So the idea was that you should not look at PQcancelConnectStart as the non-blocking
version of PQcancel, but as the non-blocking version of PQcancelConnect. I'll try to
think of some different names too, but IMHO these names could be acceptable
when their differences are addressed sufficiently in the documentation.

One other approach to naming that comes to mind now is repurposing PQrequestCancel:
1. PQrequestCancel: Cancel queries in a non-signal safe way that uses all connection options
2. PQrequestCancelStart: Cancel queries in a non-signal safe and non-blocking way that uses all connection options
3. PQcancel: Cancel queries in a signal safe way, to be signal-safe it only uses a limited set of connection options

I think it's probably a
bad sign that this function is tinkering with logic in this sort of
low-level function anyway. pqReadData() is a really general function
that manages to work with non-blocking I/O already, so why does
non-blocking query cancellation need to change its return values, or
whether or not it drops data in certain cases?

The reason for this low level change is that the cancellation part of the
Postgres protocol is following a different, much more simplistic design
than all the other parts. The client does not expect a response message back
from the server after sending the cancellation request. The expectation
is that the server signals completion by closing the connection, i.e. sending EOF.
For all other parts of the protocol, connection termination should be initiated
client side by sending a Terminate message. So the server closing (sending
EOF) is always unexpected and is thus currently considered an error by pqReadData.

But since this is not the case for the cancellation protocol, the result is
changed to -2 in case of EOF to make it possible to distinguish between
an EOF and an actual error.

And it updates that function to return -2 when the is
ECONNRESET, which seems to fly in the face of the comment's idea that
this is the "clean connection closure" case.

The diff sadly does not include the very relevant comment right above these
lines. Pasting the whole case statement here to clear up this confusion:

case SSL_ERROR_ZERO_RETURN:

/*
* Per OpenSSL documentation, this error code is only returned for
* a clean connection closure, so we should not report it as a
* server crash.
*/
appendPQExpBufferStr(&conn->errorMessage,
libpq_gettext("SSL connection has been closed unexpectedly\n"));
result_errno = ECONNRESET;
n = -2;
break;

For example, it updates the
comment for pqsecure_read() to say "Returns -1 in case of failures,
except in the case of clean connection closure then it returns -2."
But that function calls any of three different implementation
functions depending on the situation and the patch only updates one of
them.

That comment is indeed not describing what is happening correctly and I'll
try to make it clearer. The main reason for it being incorrect is coming from
the fact that receiving EOFs is handled in different places based on the
encryption method:

1. Unencrypted TCP: EOF is not returned as an error by pqsecure_read, but detected by pqReadData (see comments related to definitelyEOF)
2. OpenSSL: EOF is returned as an error by pqsecure_read (see copied case statement above)
3. GSS: When writing the patch I was not sure how EOF handling worked here, but given that the tests passed for Jacob on GSS, I'm guessing it works the same as unencrypted TCP.

#12

Jelte Fennema

Jelte.Fennema@microsoft.com

about 4 years ago

In reply to: Jelte Fennema (#11)

Re: Add non-blocking version of PQcancel

I attached a new version of this patch. Which does three main things:
1. Change the PQrequestCancel implementation to use the regular
connection establishement code, to support all connection options
including encryption.
2. Add PQrequestCancelStart which is a thread-safe and non-blocking
version of this new PQrequestCancel implementation.
3. Add PQconnectComplete, which completes a connection started by
PQrequestCancelStart. This is useful if you want a thread-safe, but
blocking cancel (without having a need for signal safety).

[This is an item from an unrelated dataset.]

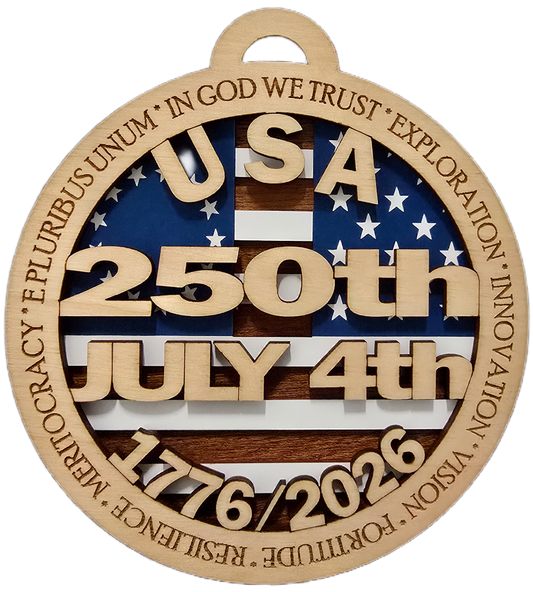 America250 Christmas Ornament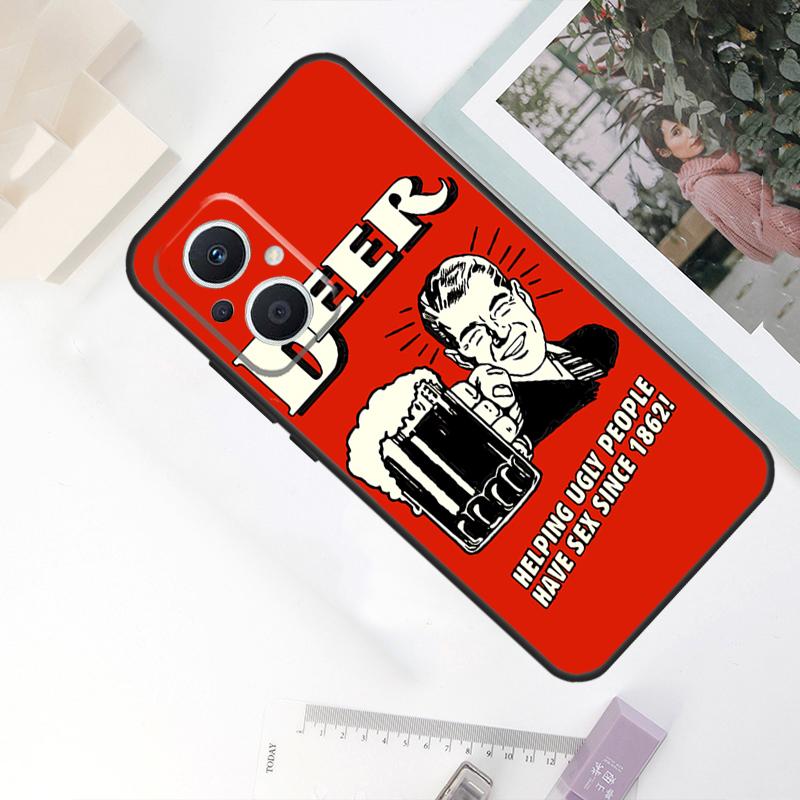Drike Beer Case For OPPO Reno 8 7 6 5 4 Lite 10 Pro 11F 4Z 5Z 8T OPPO Find X2 X3 X5 Lite X6 Pro Cover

This change un-deprecates PQrequestCancel, since now there's actually an
advantage to using it over PQcancel. It also includes user facing documentation
for all these functions.

As a API design change from the previous version, PQrequestCancelStart now
returns a regular PGconn for the cancel connection.

@Tom Lane regarding this:

Even in the non-blocking case, callers should only deal with the original PGconn.

This would by definition result in non-threadsafe code (afaict). So I refrained from doing this.
The blocking version doesn't expose a PGconn at all, but the non-blocking one now returns a new PGconn.

There's two more changes that I at least want to do before considering this patch mergable:
1. Go over all the functions that can be called with a PGconn, but should not be
called with a cancellation PGconn and error out or exit early.
2. Copy over the SockAddr from the original connection and always connect to
the same socket. I believe with the current code the cancellation could end up
at the wrong server if there are multiple hosts listed in the connection string.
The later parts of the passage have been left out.